Bergulirnya Aksi Beli Besar-Besar Investor Asing: EXCL, BBRI, dan GOTO Menjadi Magnet di Tengah Penurunan IHSG

Oleh: Admin | Dipublikasikan: 30 January 2026

Tanggapan Panjang

1. Gambaran Umum Hari 29 Januari 2026

  • IHSG menutup sesi pada 8.232,2, turun 88,35 poin atau ‑1,06 % meskipun volume perdagangan tercatat tinggi (≈ 95 miliar lembar).
  • Total nilai transaksi di Bursa Efek Indonesia (BEI) mencapai Rp 67,6 triliun.
  • 227 saham menguat, 544 saham turun, dan 187 saham stagnan.

Di tengah koreksi indeks, investor asing menunjukkan net buy yang signifikan pada sepuluh saham teratas, menandakan adanya keyakinan sektoral atau valuasi yang menarik meskipun sentimen pasar secara keseluruhan masih lemah.

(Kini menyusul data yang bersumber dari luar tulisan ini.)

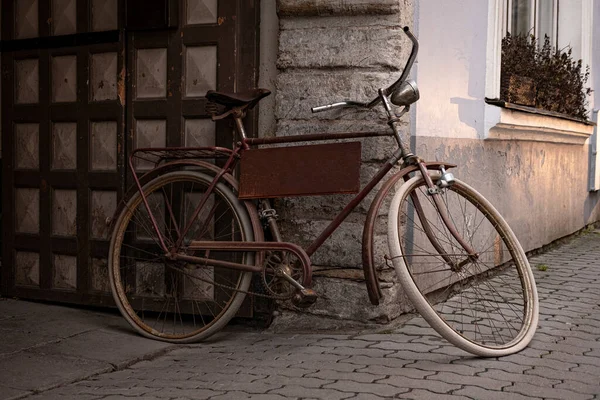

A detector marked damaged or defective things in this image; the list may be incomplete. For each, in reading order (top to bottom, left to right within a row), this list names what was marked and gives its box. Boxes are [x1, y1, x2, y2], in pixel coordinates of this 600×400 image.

rusty bicycle frame [122, 25, 478, 306]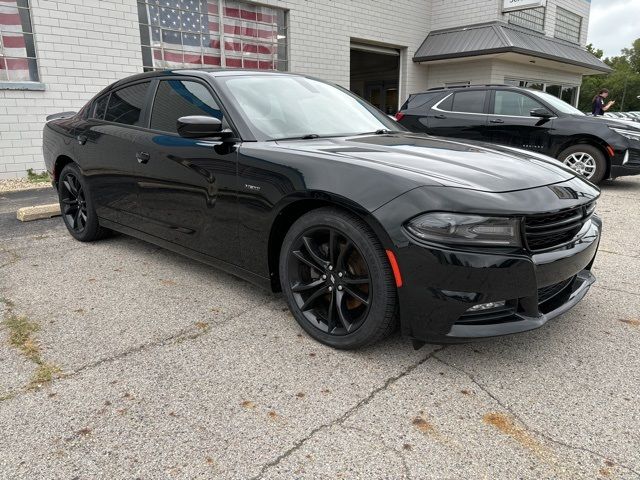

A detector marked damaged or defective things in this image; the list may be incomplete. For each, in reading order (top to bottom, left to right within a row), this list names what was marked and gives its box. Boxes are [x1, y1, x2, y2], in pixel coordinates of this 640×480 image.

cracked pavement [0, 178, 636, 478]
pavement crack [250, 346, 444, 478]
pavement crack [430, 352, 640, 476]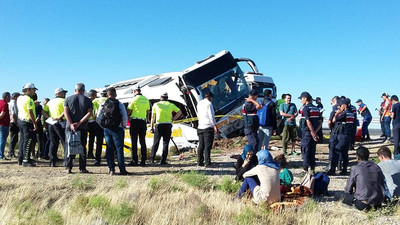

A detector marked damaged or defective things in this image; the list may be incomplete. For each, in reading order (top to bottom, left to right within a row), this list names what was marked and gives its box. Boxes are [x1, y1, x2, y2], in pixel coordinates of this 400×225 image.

overturned bus [102, 50, 276, 154]
broken windshield [197, 66, 247, 113]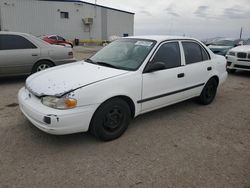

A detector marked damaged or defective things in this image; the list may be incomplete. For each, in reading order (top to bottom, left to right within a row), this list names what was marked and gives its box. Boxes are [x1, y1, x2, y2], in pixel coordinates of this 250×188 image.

damaged front bumper [18, 87, 98, 134]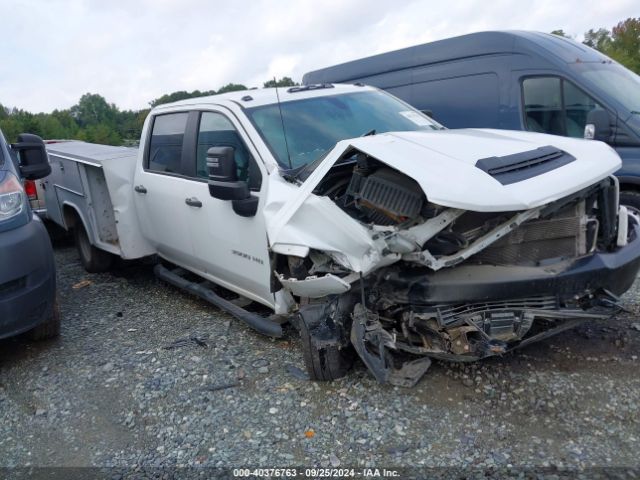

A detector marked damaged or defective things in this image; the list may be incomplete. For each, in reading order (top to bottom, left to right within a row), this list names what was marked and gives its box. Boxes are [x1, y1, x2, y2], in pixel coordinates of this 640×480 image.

damaged front end [268, 135, 640, 386]
crumpled hood [312, 128, 624, 211]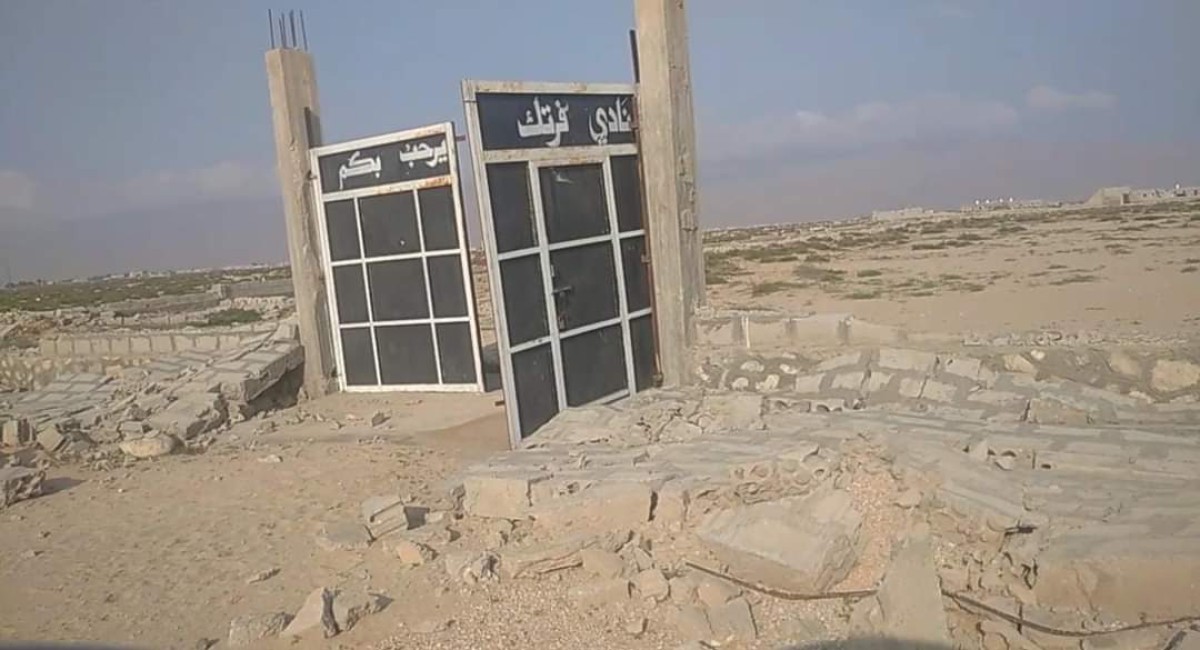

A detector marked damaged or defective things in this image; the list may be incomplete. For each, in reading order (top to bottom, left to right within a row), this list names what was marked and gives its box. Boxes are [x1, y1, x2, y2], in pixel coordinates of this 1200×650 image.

damaged gate [310, 124, 482, 392]
damaged gate [462, 78, 652, 442]
broken concrete [692, 488, 864, 588]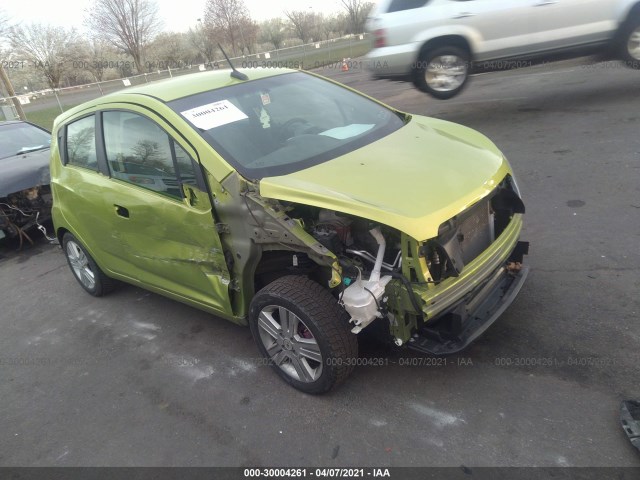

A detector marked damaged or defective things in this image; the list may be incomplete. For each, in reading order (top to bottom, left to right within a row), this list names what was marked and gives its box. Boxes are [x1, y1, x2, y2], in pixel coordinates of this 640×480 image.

2. Analisis Segmen‑sektor yang Menarik Minat Asing

Peringkat Saham Net Buy (Rp miliar) Sektor Mengapa Sektor Ini Menarik?
1 EXCL (PT XLSMART Telecom Sejahtera Tbk) 188,8 Telekomunikasi & Digital Infrastructure Fokus pada pembangunan jaringan 5G, kontrak pemerintah, serta eksposur ke layanan data yang terus tumbuh.
2 BBRI (Bank Rakyat Indonesia) 173,6 Perbankan (Retail) Basis nasabah ritel terbesar, penetrasi ke daerah pedesaan, dan prospek peningkatan margin kredit konsumsi.
3 GOTO (PT Goto Gojek Tokopedia) 129,2 Technology & Platform Economy Ekosistem super‑app yang menggabungkan ride‑hailing, e‑commerce, fintech; valuations masih “discount” dibandingkan peers global.
4 BRPT (Barito Pacific) 116,7 Energi & Tambang (Mineral & Coal) Diversifikasi ke energi terbarukan, serta eksposur ke logam kritis (nickel, kobalt).
5 DEWA (Darma Henwa) 93,4 Migas & Energi Keterlibatan dalam proyek LPG domestik dan gas alam cair (LNG) yang sedang dipercepat pemerintah.
6 DSSA (Dian Swastatika Sentosa) 76,5 Pertambangan & Energi (Batu Bara) Harga batu bara tetap stabil, dan perusahaan menyiapkan transisi ke pembangkit listrik berbasis batubara bersih.
7 BRMS (Bumi Resources Minerals) 44,7 Pertambangan (Nikel) Permintaan nikel untuk baterai EV global naik, menambah nilai strategis.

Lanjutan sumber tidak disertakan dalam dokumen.